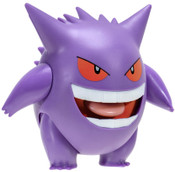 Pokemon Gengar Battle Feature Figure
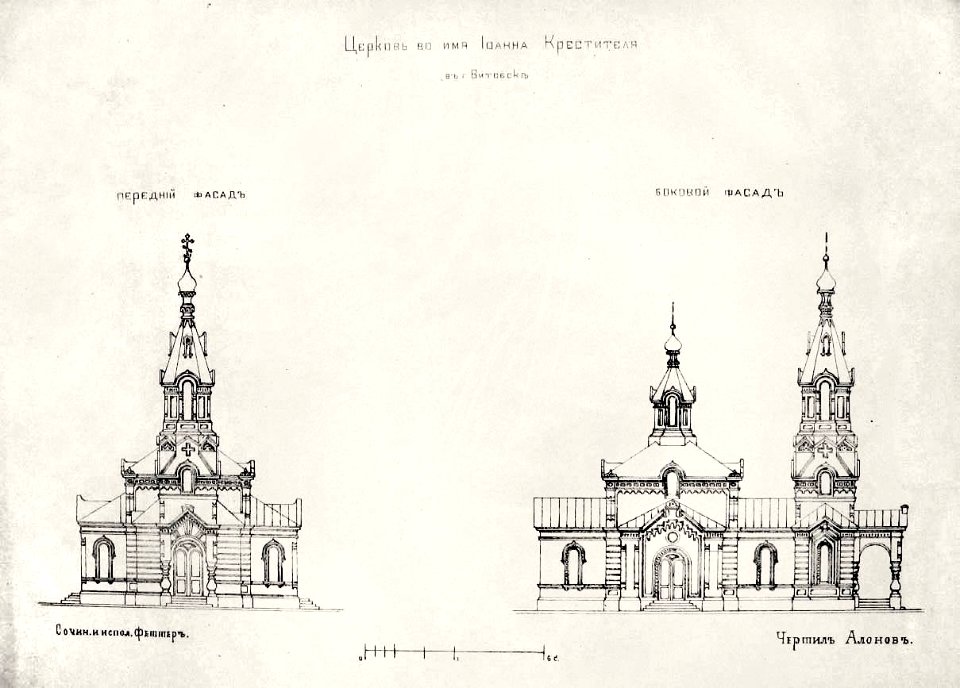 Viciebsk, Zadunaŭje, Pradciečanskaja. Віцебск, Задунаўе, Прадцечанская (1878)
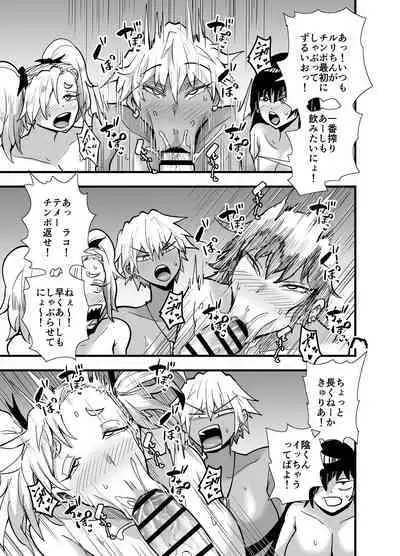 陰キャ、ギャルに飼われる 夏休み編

---

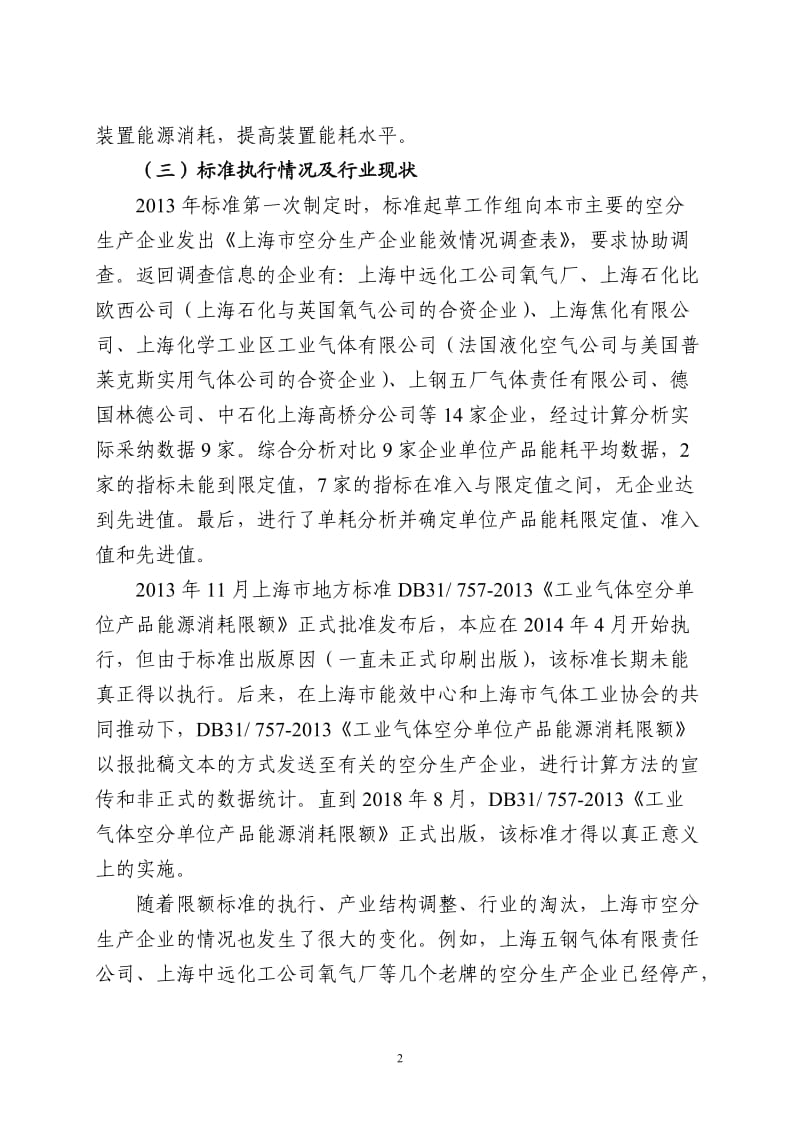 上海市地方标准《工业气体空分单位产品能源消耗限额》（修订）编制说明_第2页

* * *

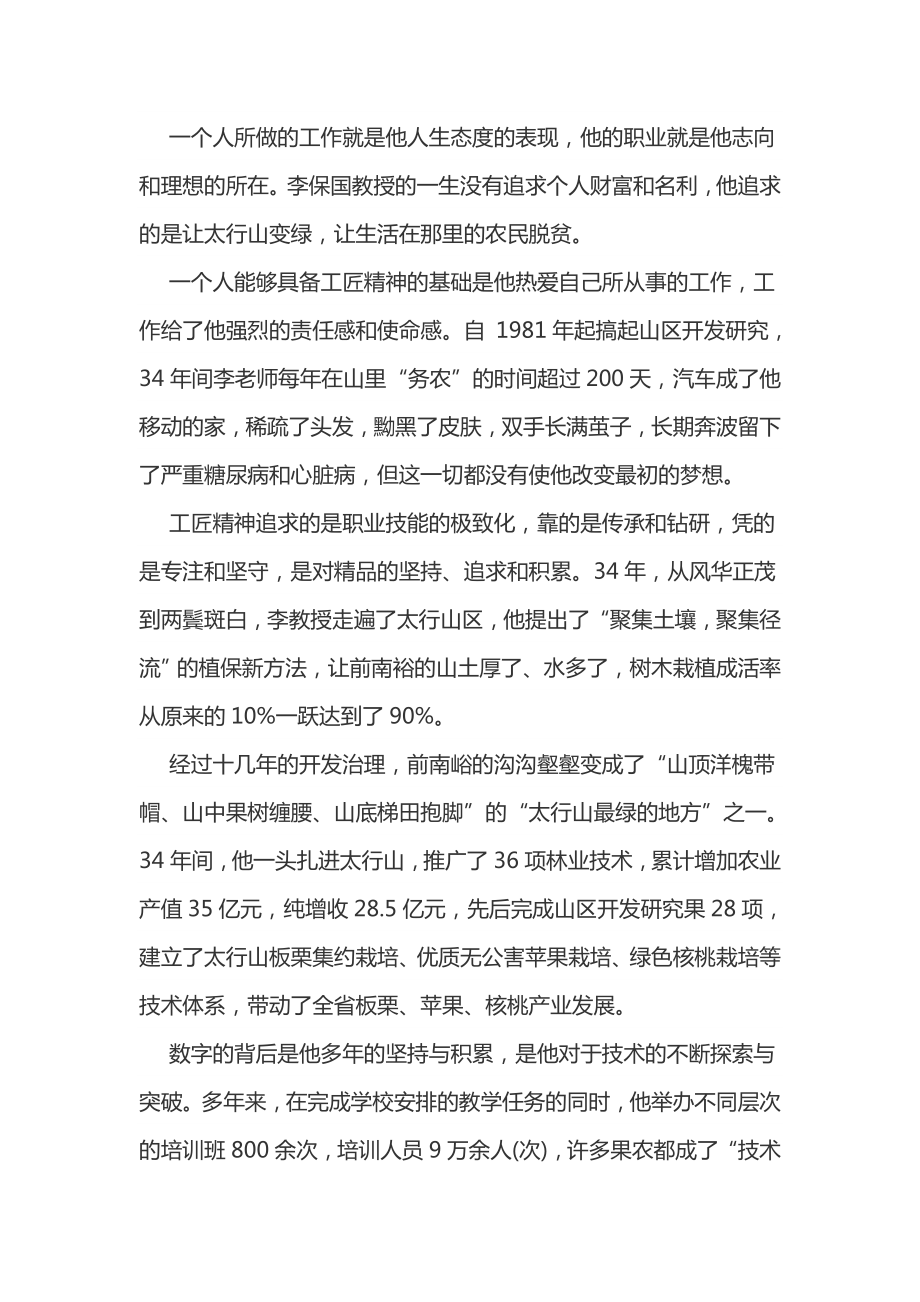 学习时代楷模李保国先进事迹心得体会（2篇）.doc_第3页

* **Task prompt**: Beginning at the line above that contains "Pokemon Gengar Battle Feature Figure", repeat each line exactly through the one that contains "陰キャ、ギャルに飼われる 夏休み編", and leave out the pictures.

* **Final answer**:
 Pokemon Gengar Battle Feature Figure
 Viciebsk, Zadunaŭje, Pradciečanskaja. Віцебск, Задунаўе, Прадцечанская (1878)
 陰キャ、ギャルに飼われる 夏休み編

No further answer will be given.